> _GOAL OF THE EXERCISE_: Return nothing but the lines from the one with "Hitting the beach" through the one with "FISH visualization is" in the data below, word for word and without pictures.

> _EXCERPTED DATA_:
.....

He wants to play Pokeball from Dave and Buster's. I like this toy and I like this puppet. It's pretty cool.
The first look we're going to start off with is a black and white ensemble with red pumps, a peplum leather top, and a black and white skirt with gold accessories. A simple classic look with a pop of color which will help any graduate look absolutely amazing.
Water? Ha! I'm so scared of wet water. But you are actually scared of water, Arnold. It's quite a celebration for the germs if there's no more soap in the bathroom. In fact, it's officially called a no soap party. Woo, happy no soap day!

.....

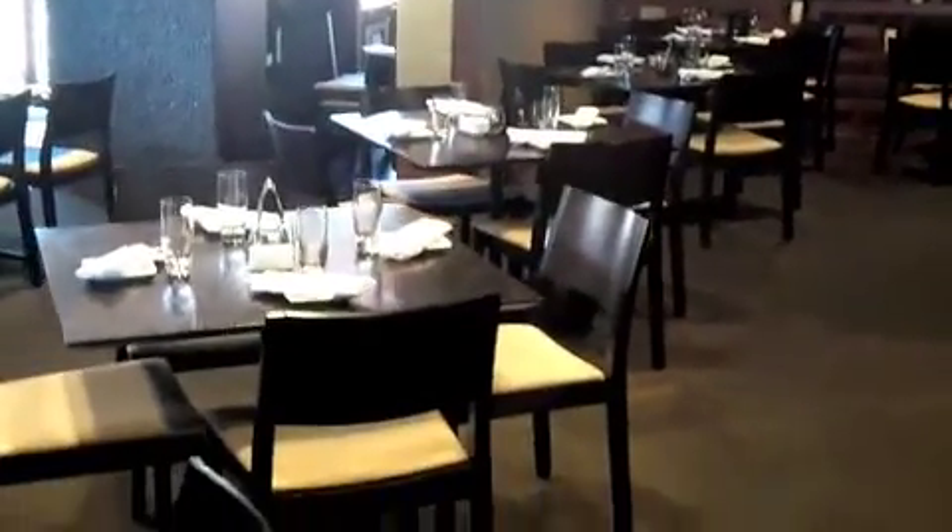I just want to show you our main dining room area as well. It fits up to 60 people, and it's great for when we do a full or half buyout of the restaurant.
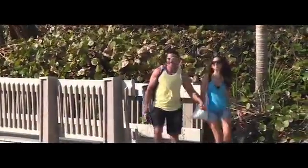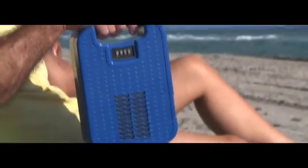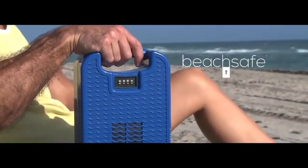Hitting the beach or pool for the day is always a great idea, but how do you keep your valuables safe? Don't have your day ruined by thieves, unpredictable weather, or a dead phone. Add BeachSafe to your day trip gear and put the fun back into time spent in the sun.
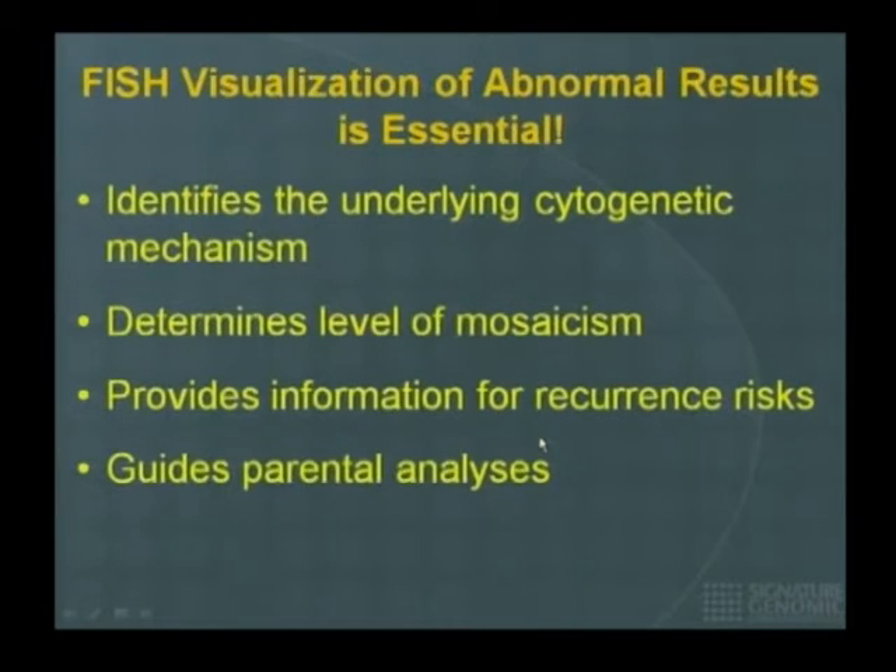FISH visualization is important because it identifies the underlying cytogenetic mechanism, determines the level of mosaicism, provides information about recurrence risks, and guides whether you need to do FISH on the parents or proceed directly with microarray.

.....

> _REPLY TO THE TASK_:
Hitting the beach or pool for the day is always a great idea, but how do you keep your valuables safe? Don't have your day ruined by thieves, unpredictable weather, or a dead phone. Add BeachSafe to your day trip gear and put the fun back into time spent in the sun.
FISH visualization is important because it identifies the underlying cytogenetic mechanism, determines the level of mosaicism, provides information about recurrence risks, and guides whether you need to do FISH on the parents or proceed directly with microarray.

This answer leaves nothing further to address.